[Data excerpts]
● ● ●

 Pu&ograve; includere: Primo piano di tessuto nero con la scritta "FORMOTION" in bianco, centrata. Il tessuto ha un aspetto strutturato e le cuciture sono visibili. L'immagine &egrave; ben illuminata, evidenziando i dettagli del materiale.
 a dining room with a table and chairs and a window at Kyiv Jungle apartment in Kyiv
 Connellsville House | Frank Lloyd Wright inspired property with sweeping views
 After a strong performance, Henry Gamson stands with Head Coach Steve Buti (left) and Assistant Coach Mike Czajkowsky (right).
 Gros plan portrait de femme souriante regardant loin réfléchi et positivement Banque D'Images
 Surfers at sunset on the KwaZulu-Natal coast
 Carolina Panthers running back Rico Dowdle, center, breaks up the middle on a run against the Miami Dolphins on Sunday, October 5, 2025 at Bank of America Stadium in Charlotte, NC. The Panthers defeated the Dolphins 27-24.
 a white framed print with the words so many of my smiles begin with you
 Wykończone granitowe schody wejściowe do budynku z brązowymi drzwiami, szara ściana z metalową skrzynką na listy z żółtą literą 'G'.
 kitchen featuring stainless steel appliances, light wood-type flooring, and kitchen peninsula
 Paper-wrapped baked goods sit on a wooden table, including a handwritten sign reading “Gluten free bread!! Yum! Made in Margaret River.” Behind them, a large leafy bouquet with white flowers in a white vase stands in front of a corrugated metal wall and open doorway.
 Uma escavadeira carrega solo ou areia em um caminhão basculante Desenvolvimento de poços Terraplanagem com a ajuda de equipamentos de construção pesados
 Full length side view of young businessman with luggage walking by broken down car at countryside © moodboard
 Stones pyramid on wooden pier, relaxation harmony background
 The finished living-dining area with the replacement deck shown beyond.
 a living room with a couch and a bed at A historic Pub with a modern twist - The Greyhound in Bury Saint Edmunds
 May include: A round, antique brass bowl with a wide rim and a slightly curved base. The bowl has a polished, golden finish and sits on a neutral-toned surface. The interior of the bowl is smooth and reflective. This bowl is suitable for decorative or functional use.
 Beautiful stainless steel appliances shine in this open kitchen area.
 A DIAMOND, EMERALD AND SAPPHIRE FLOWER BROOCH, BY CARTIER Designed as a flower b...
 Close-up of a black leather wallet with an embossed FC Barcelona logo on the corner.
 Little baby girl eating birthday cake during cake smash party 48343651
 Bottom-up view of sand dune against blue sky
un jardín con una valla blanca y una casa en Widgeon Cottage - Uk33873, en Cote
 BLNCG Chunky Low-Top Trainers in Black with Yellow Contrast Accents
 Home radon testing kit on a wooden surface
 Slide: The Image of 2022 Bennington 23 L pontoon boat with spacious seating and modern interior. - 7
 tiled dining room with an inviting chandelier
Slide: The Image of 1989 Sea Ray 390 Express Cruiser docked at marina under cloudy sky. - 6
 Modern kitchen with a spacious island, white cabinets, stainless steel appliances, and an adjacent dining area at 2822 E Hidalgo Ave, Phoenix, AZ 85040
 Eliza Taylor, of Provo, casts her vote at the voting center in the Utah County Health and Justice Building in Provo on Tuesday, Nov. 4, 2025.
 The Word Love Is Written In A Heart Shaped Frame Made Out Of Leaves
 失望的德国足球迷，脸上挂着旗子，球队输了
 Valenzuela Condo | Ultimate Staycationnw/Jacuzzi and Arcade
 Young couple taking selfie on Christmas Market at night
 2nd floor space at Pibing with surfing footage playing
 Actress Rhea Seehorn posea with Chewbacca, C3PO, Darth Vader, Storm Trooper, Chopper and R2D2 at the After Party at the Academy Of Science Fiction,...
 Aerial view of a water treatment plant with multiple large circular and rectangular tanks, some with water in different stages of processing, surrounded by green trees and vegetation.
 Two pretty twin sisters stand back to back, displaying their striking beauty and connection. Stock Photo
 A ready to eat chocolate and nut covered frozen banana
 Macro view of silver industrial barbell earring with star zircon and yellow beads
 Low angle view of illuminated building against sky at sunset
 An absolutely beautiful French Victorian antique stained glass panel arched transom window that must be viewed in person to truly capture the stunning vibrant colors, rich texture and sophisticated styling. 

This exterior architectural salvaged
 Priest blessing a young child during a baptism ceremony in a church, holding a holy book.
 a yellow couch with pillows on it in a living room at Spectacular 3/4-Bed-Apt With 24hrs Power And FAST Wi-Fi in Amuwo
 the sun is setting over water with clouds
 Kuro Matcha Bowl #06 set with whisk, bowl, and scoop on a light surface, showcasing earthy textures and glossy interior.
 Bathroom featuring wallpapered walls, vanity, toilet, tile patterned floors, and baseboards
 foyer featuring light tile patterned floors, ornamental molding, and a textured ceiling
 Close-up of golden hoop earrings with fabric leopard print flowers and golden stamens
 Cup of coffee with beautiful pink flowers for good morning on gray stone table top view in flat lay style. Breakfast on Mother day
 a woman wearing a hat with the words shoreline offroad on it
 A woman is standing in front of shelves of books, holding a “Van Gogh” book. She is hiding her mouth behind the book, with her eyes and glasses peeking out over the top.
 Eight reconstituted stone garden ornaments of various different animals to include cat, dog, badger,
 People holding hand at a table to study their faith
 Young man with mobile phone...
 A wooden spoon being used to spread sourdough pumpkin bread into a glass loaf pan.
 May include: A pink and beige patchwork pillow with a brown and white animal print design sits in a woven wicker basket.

● ● ●

§ The task
Each line above should be reproduced exactly, with nothing omitted.

§ Solution below
 Pu&ograve; includere: Primo piano di tessuto nero con la scritta "FORMOTION" in bianco, centrata. Il tessuto ha un aspetto strutturato e le cuciture sono visibili. L'immagine &egrave; ben illuminata, evidenziando i dettagli del materiale.
 a dining room with a table and chairs and a window at Kyiv Jungle apartment in Kyiv
 Connellsville House | Frank Lloyd Wright inspired property with sweeping views
 After a strong performance, Henry Gamson stands with Head Coach Steve Buti (left) and Assistant Coach Mike Czajkowsky (right).
 Gros plan portrait de femme souriante regardant loin réfléchi et positivement Banque D'Images
 Surfers at sunset on the KwaZulu-Natal coast
 Carolina Panthers running back Rico Dowdle, center, breaks up the middle on a run against the Miami Dolphins on Sunday, October 5, 2025 at Bank of America Stadium in Charlotte, NC. The Panthers defeated the Dolphins 27-24.
 a white framed print with the words so many of my smiles begin with you
 Wykończone granitowe schody wejściowe do budynku z brązowymi drzwiami, szara ściana z metalową skrzynką na listy z żółtą literą 'G'.
 kitchen featuring stainless steel appliances, light wood-type flooring, and kitchen peninsula
 Paper-wrapped baked goods sit on a wooden table, including a handwritten sign reading “Gluten free bread!! Yum! Made in Margaret River.” Behind them, a large leafy bouquet with white flowers in a white vase stands in front of a corrugated metal wall and open doorway.
 Uma escavadeira carrega solo ou areia em um caminhão basculante Desenvolvimento de poços Terraplanagem com a ajuda de equipamentos de construção pesados
 Full length side view of young businessman with luggage walking by broken down car at countryside © moodboard
 Stones pyramid on wooden pier, relaxation harmony background
 The finished living-dining area with the replacement deck shown beyond.
 a living room with a couch and a bed at A historic Pub with a modern twist - The Greyhound in Bury Saint Edmunds
 May include: A round, antique brass bowl with a wide rim and a slightly curved base. The bowl has a polished, golden finish and sits on a neutral-toned surface. The interior of the bowl is smooth and reflective. This bowl is suitable for decorative or functional use.
 Beautiful stainless steel appliances shine in this open kitchen area.
 A DIAMOND, EMERALD AND SAPPHIRE FLOWER BROOCH, BY CARTIER Designed as a flower b...
 Close-up of a black leather wallet with an embossed FC Barcelona logo on the corner.
 Little baby girl eating birthday cake during cake smash party 48343651
 Bottom-up view of sand dune against blue sky
un jardín con una valla blanca y una casa en Widgeon Cottage - Uk33873, en Cote
 BLNCG Chunky Low-Top Trainers in Black with Yellow Contrast Accents
 Home radon testing kit on a wooden surface
 Slide: The Image of 2022 Bennington 23 L pontoon boat with spacious seating and modern interior. - 7
 tiled dining room with an inviting chandelier
Slide: The Image of 1989 Sea Ray 390 Express Cruiser docked at marina under cloudy sky. - 6
 Modern kitchen with a spacious island, white cabinets, stainless steel appliances, and an adjacent dining area at 2822 E Hidalgo Ave, Phoenix, AZ 85040
 Eliza Taylor, of Provo, casts her vote at the voting center in the Utah County Health and Justice Building in Provo on Tuesday, Nov. 4, 2025.
 The Word Love Is Written In A Heart Shaped Frame Made Out Of Leaves
 失望的德国足球迷，脸上挂着旗子，球队输了
 Valenzuela Condo | Ultimate Staycationnw/Jacuzzi and Arcade
 Young couple taking selfie on Christmas Market at night
 2nd floor space at Pibing with surfing footage playing
 Actress Rhea Seehorn posea with Chewbacca, C3PO, Darth Vader, Storm Trooper, Chopper and R2D2 at the After Party at the Academy Of Science Fiction,...
 Aerial view of a water treatment plant with multiple large circular and rectangular tanks, some with water in different stages of processing, surrounded by green trees and vegetation.
 Two pretty twin sisters stand back to back, displaying their striking beauty and connection. Stock Photo
 A ready to eat chocolate and nut covered frozen banana
 Macro view of silver industrial barbell earring with star zircon and yellow beads
 Low angle view of illuminated building against sky at sunset
 An absolutely beautiful French Victorian antique stained glass panel arched transom window that must be viewed in person to truly capture the stunning vibrant colors, rich texture and sophisticated styling. 

This exterior architectural salvaged
 Priest blessing a young child during a baptism ceremony in a church, holding a holy book.
 a yellow couch with pillows on it in a living room at Spectacular 3/4-Bed-Apt With 24hrs Power And FAST Wi-Fi in Amuwo
 the sun is setting over water with clouds
 Kuro Matcha Bowl #06 set with whisk, bowl, and scoop on a light surface, showcasing earthy textures and glossy interior.
 Bathroom featuring wallpapered walls, vanity, toilet, tile patterned floors, and baseboards
 foyer featuring light tile patterned floors, ornamental molding, and a textured ceiling
 Close-up of golden hoop earrings with fabric leopard print flowers and golden stamens
 Cup of coffee with beautiful pink flowers for good morning on gray stone table top view in flat lay style. Breakfast on Mother day
 a woman wearing a hat with the words shoreline offroad on it
 A woman is standing in front of shelves of books, holding a “Van Gogh” book. She is hiding her mouth behind the book, with her eyes and glasses peeking out over the top.
 Eight reconstituted stone garden ornaments of various different animals to include cat, dog, badger,
 People holding hand at a table to study their faith
 Young man with mobile phone...
 A wooden spoon being used to spread sourdough pumpkin bread into a glass loaf pan.
 May include: A pink and beige patchwork pillow with a brown and white animal print design sits in a woven wicker basket.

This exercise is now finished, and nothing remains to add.